Provenance Research Training Program. Rome, December 2014
From 8-12 December 2014, the fifth Provenance Research Training Program (PRTP) was conducted in Rome, Italy by the European Shoah Legacy Institute in partnership with the Italian Ministry of Cultural Heritage and Tourism and in cooperation with the Conference on Jewish Material Claims Against Germany and the Commission for Art Recovery (Europe). Forty participants from fourteen countries across three continents took part in the comprehensive workshop, which was jointly hosted by the Jewish Community of Rome and the Italian Ministry of Cultural Heritage and Tourism.

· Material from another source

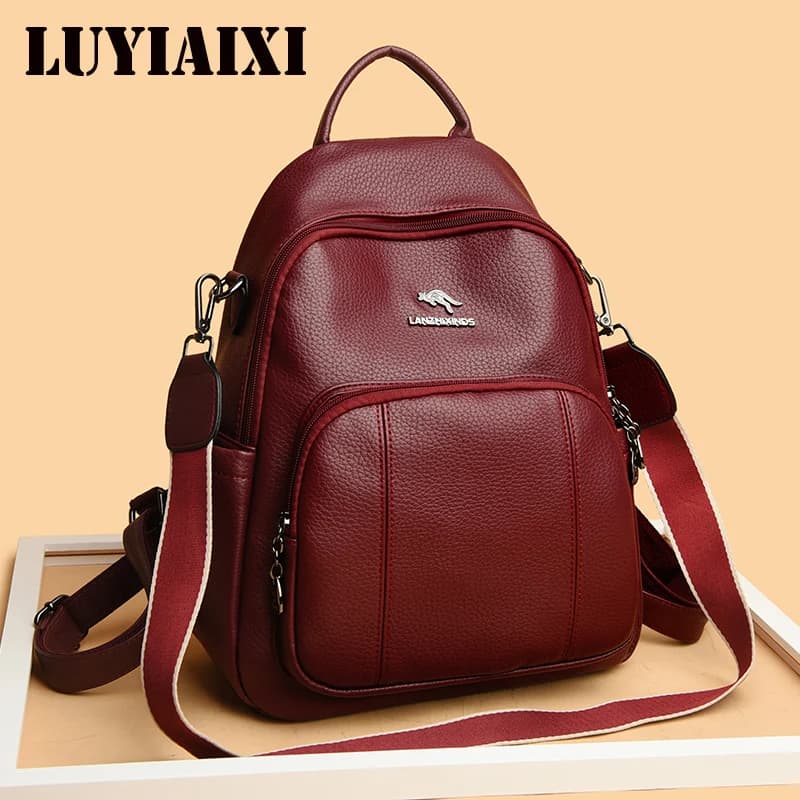Genuine Pu Leather Backpack Female 2026 New Fashion Mother Student Backpacks Soft Leather Large Capacity Travel Bag Bolso Mujer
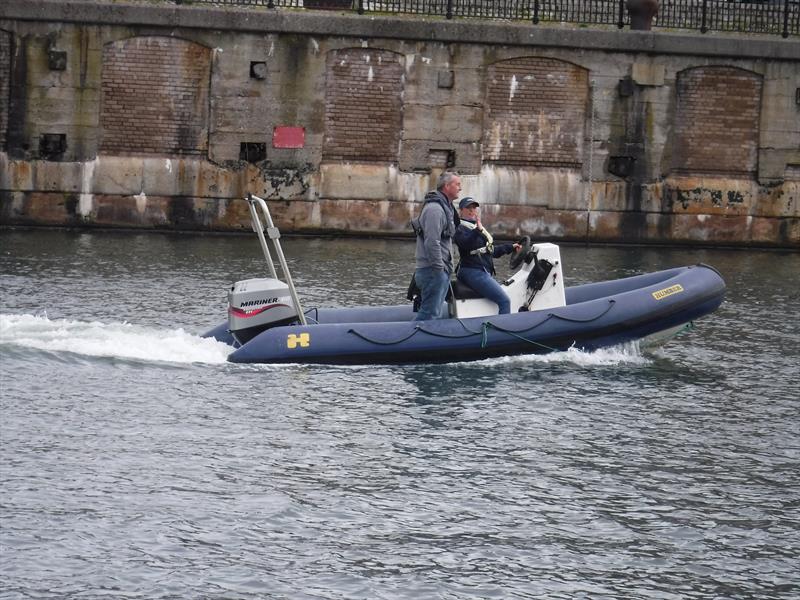 Jen Moreby receiving tuition on driving the club's RIB from Andy Moorley of Bluepoint  photo copyright Gaynor Portlock taken at Liverpool Yacht Club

The workshop was conducted by distinguished provenance researcher and co-founder of the Holocaust Art Restitution Project, Mr Marc Masurovsky, and noted jurist, Ms Irina Tarsis, of the Center for Art Law in New York. The workshop also played host to a number of eminent guest speakers, including Agnes Peresztegi – Executive Director of the Commission for Art Recovery (Europe); Evelien Campfens – Director of the Dutch Restitution Committee; Monica Dugot – Senior Vice President and International Director of Restitution at Christie’s Auction House in London; Thierry Bajou – representative of the French Ministry of Culture and author; and Konstantin Akinsha – art scholar and author.
The PRTP Rome workshop was developed around the complimentary themes of research, history, and ethics, and was conducted with particular focus on:
- Analytical and methodological tools that can serve to comprehend the complexity of the topics under study, to visualize patterns, and to compare these processes and their international impact;
- The impact of cultural plunder on collection management practices in museums and other cultural institutions;
- Providing a core understanding of the displacement of cultural objects throughout pre-war Europe, wartime plunder and its impact on collecting practices and the international art market, and post-war efforts to recover looted cultural assets; and
- The ethical implications of cultural plunder during the Nazi era, current international policies, and art trade practices.
The workshop was attended by representatives from national ministries of a number of European countries, curators and senior collection managers from some of the leading public and private museums in Europe and North America, academics from universities in Canada and the United States, independent researchers, doctoral candidates, and both undergraduate and postgraduate students.